==== Extracted material
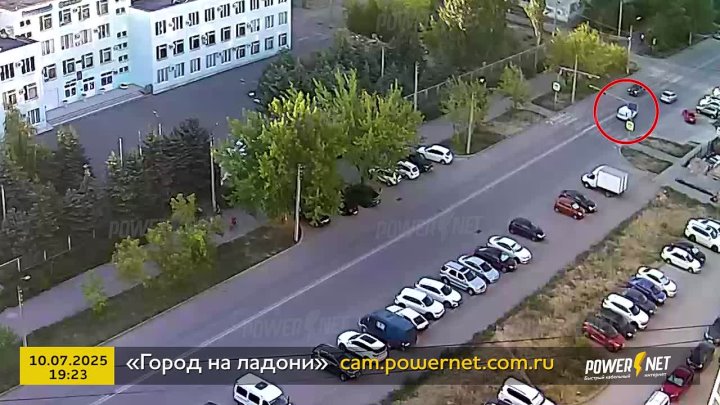 ДТП (авария г. Волжский) ул. 40 лет Победы, д. 10, «ВолГУ, филиал» 10-07-2025 19-23 в Волжском, 11.07.2025 в 11:00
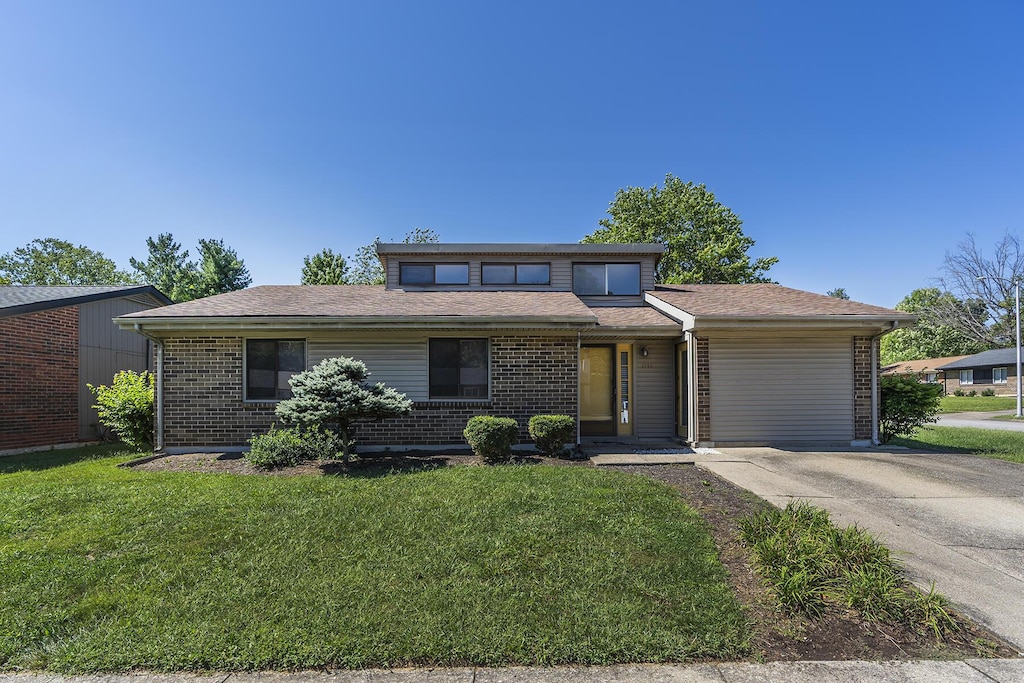 view of front facade featuring a front lawn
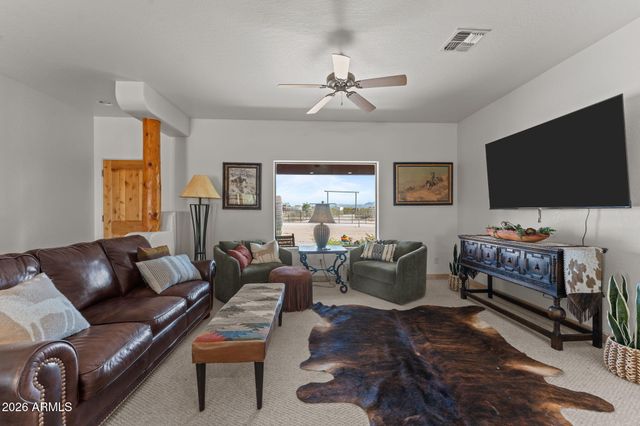 21223 W RESTIN Road, Wittmann, AZ 85361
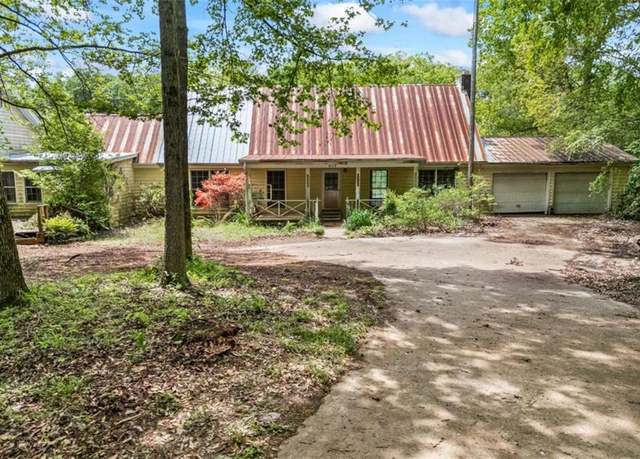 Property at 424 Old Indian Trail Rd, Jefferson, GA 30549, 3 beds, 2 baths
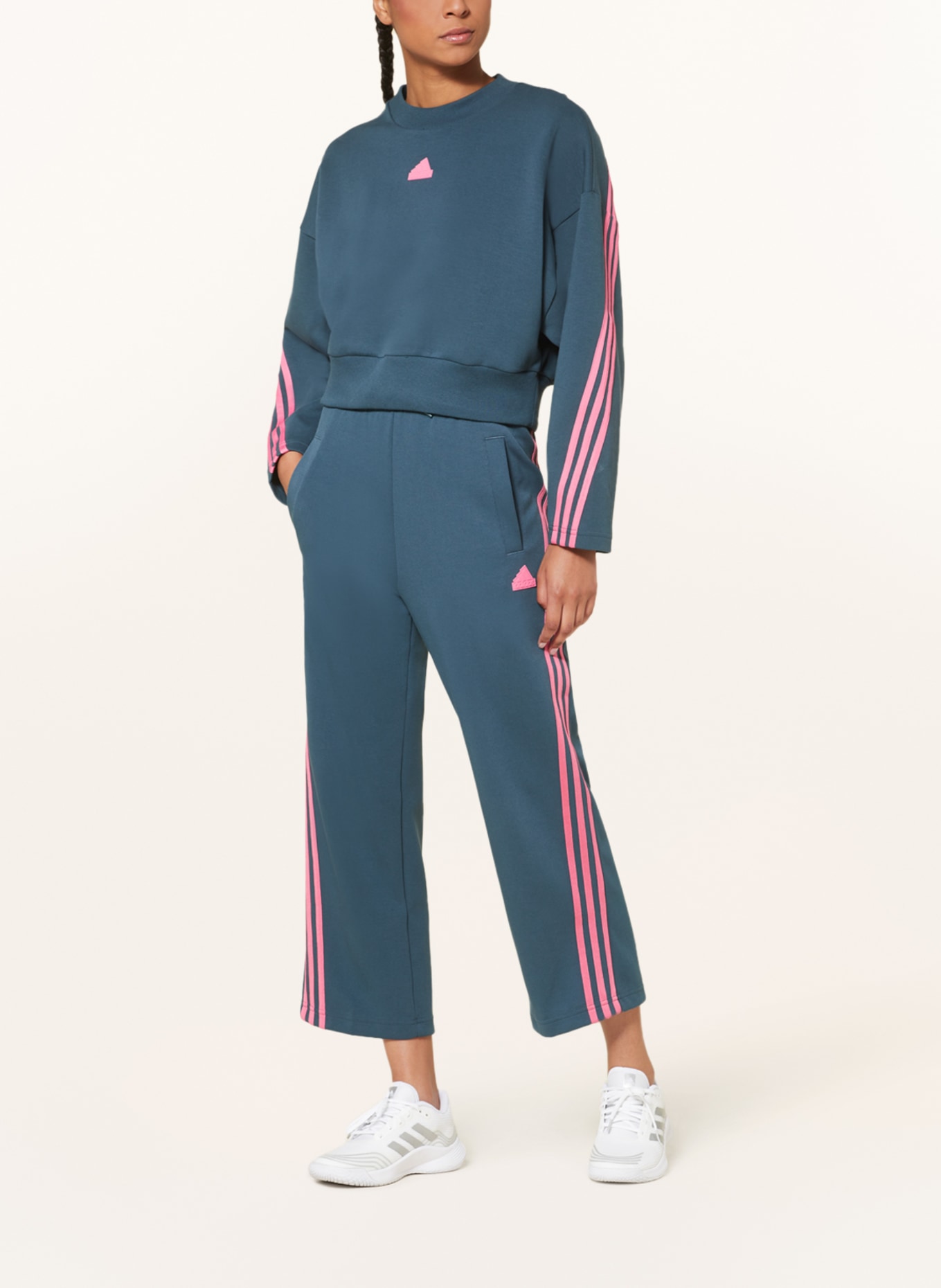 adidas Cropped-Sweatshirt, Farbe: PETROL/ PINK (Bild 2)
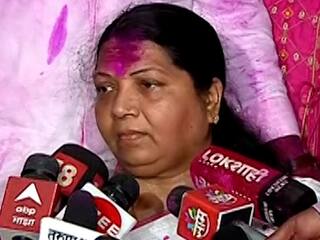 Jayashree Jadhav : कोल्हापूर जिंकल्यावर चंद्रकांत अण्णांच्या आठवणीत जयश्री जाधव भावूक; म्हणाल्या...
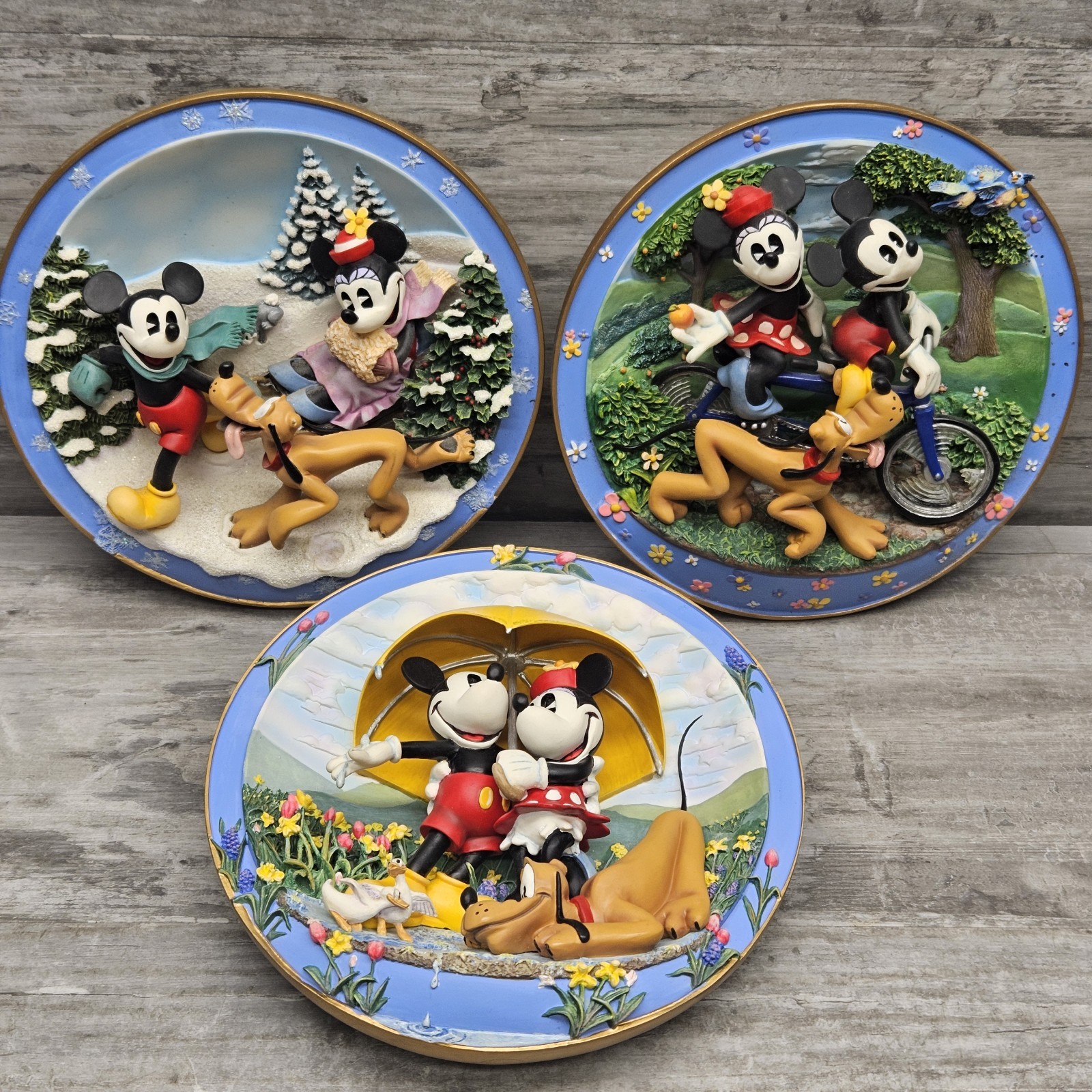 Disney 3D Bradford Exchange Plate Lot (3) Mickey Minnie Pluto Disney 3D Bradford Exchange Plate Lot (3) Mickey Minnie Pluto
========
[Work order]
Omit the pictures and output all remaining material exactly.

[Answer to the exercise]
 ДТП (авария г. Волжский) ул. 40 лет Победы, д. 10, «ВолГУ, филиал» 10-07-2025 19-23 в Волжском, 11.07.2025 в 11:00
 view of front facade featuring a front lawn
 21223 W RESTIN Road, Wittmann, AZ 85361
 Property at 424 Old Indian Trail Rd, Jefferson, GA 30549, 3 beds, 2 baths
 adidas Cropped-Sweatshirt, Farbe: PETROL/ PINK (Bild 2)
 Jayashree Jadhav : कोल्हापूर जिंकल्यावर चंद्रकांत अण्णांच्या आठवणीत जयश्री जाधव भावूक; म्हणाल्या...
 Disney 3D Bradford Exchange Plate Lot (3) Mickey Minnie Pluto Disney 3D Bradford Exchange Plate Lot (3) Mickey Minnie Pluto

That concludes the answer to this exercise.